(Beginning of Supplied entries)

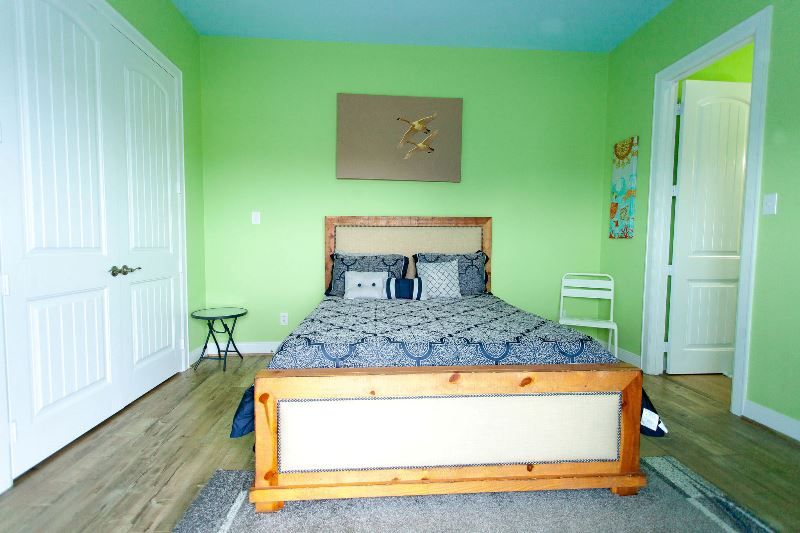 A bedroom with green walls and a wooden bed
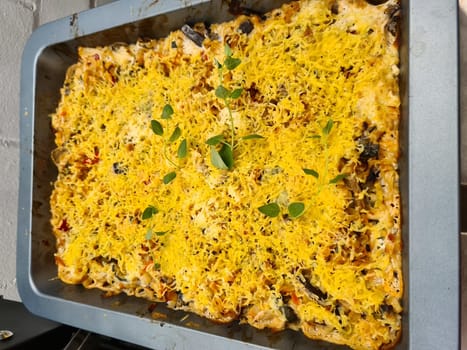 Fresh made Pasta Bake on an old wooden table (close-up shot)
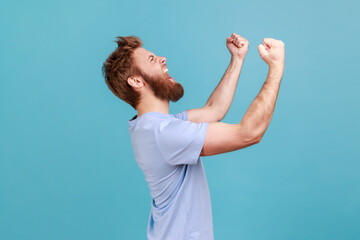Side view of overjoyed bearded man standing with excited expression, raising fists, screaming,...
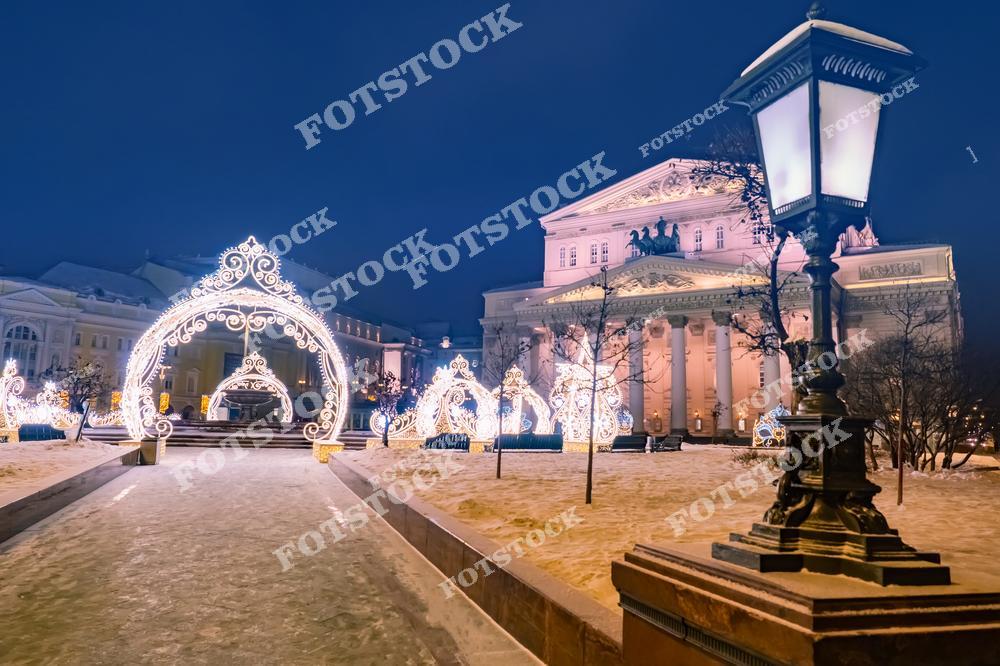 На фотографии изображён фасад Большого театра в Москве, освещённый теплым светом в зимний вечер. Перед зданием установлены световые арки и декоративные элементы, выполненные в новогоднем стиле. Площадь покрыта снежным слоем, а тропинки аккуратно расчищены. Слева и справа видны деревья с огнями и другие украшения, подчёркивающие атмосферу праздника. Лампа на переднем плане добавляет снимку уют и ощущение старинного городского ансамбля. Всё пространство наполнено светом, торжественностью и культурным духом Москвы.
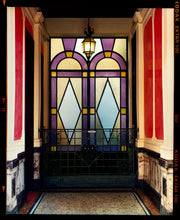 Load image into Gallery viewer, 'Foyer VII' shows an Art Deco entrance hall in Milan, featuring stained glass panelling and marble flooring. This artwork is part of Richard Heeps' series 'A Short History of Milan', which began in November 2018 for a special project featuring at the Affordable Art Fair Milan 2019, and the series is ongoing. There is a reoccurring linear, structural theme throughout the series, capturing the Milanese use of materials in design such as glass, metal, wood and stone.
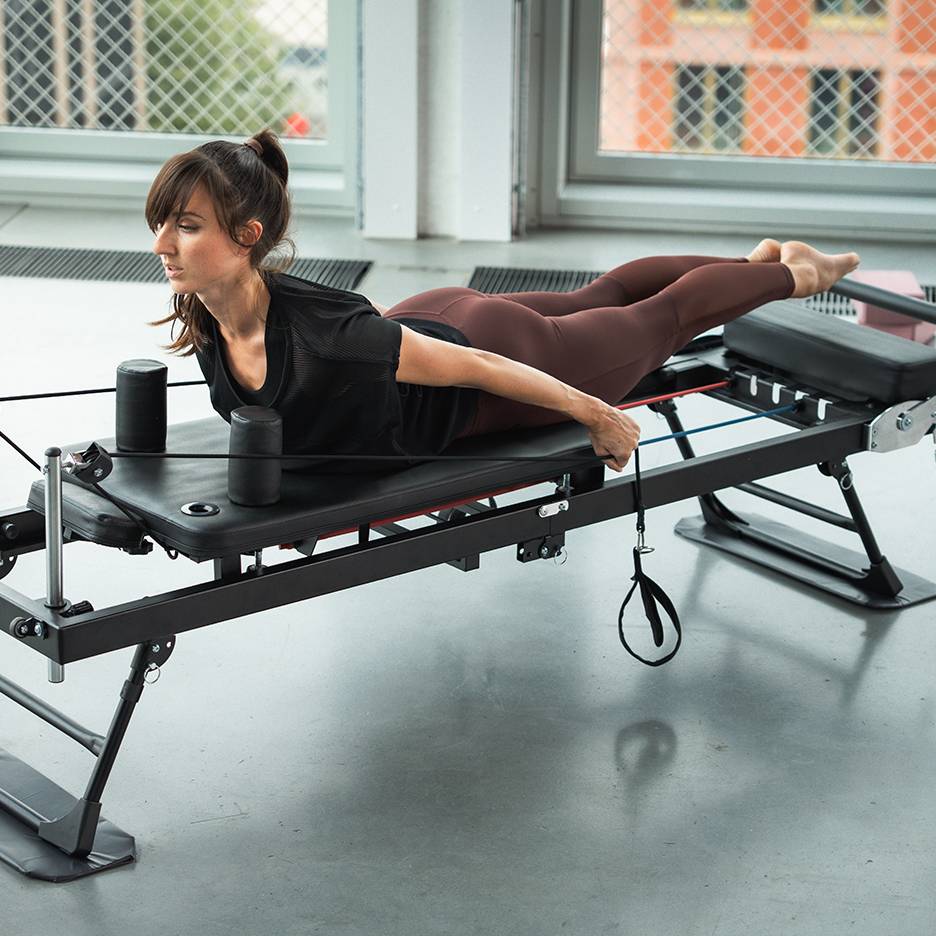 Frau trainiert auf einem Pilates-Gerät mit Widerstandsbändern.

(End of Supplied entries)

Please give back exactly, and with no pictures, the lines from where the listing above begins through the line containing "Side view of".

 A bedroom with green walls and a wooden bed
 Fresh made Pasta Bake on an old wooden table (close-up shot)
Side view of overjoyed bearded man standing with excited expression, raising fists, screaming,...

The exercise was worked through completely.